◆ INPUT MATERIAL:
*-*-*

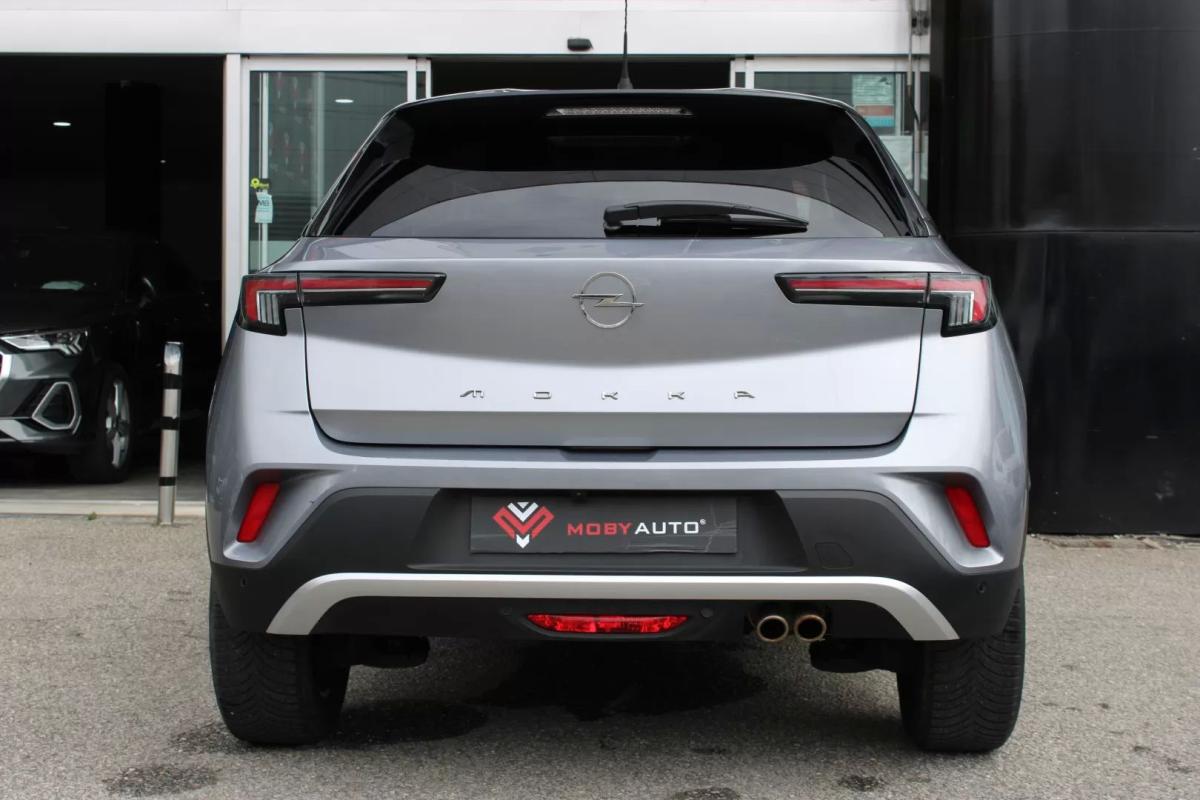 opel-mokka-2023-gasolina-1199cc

*-*-*

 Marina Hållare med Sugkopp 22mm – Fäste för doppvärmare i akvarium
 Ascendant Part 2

*-*-*

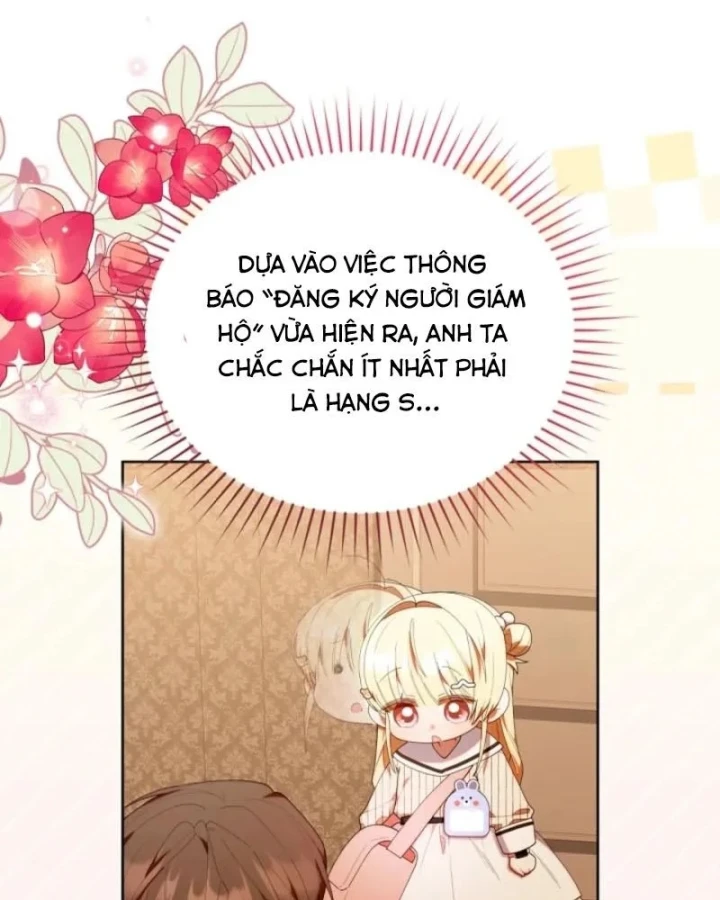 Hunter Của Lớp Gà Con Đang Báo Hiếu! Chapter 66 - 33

*-*-*

◆ INSTRUCTIONS TO FOLLOW:
Your answer should consist of the lines from the line with "Marina Hållare med" to the line with "Ascendant Part 2" above, repeated exactly, both ends included.

◆ RESPONSE TO THIS EXERCISE:
 Marina Hållare med Sugkopp 22mm – Fäste för doppvärmare i akvarium
 Ascendant Part 2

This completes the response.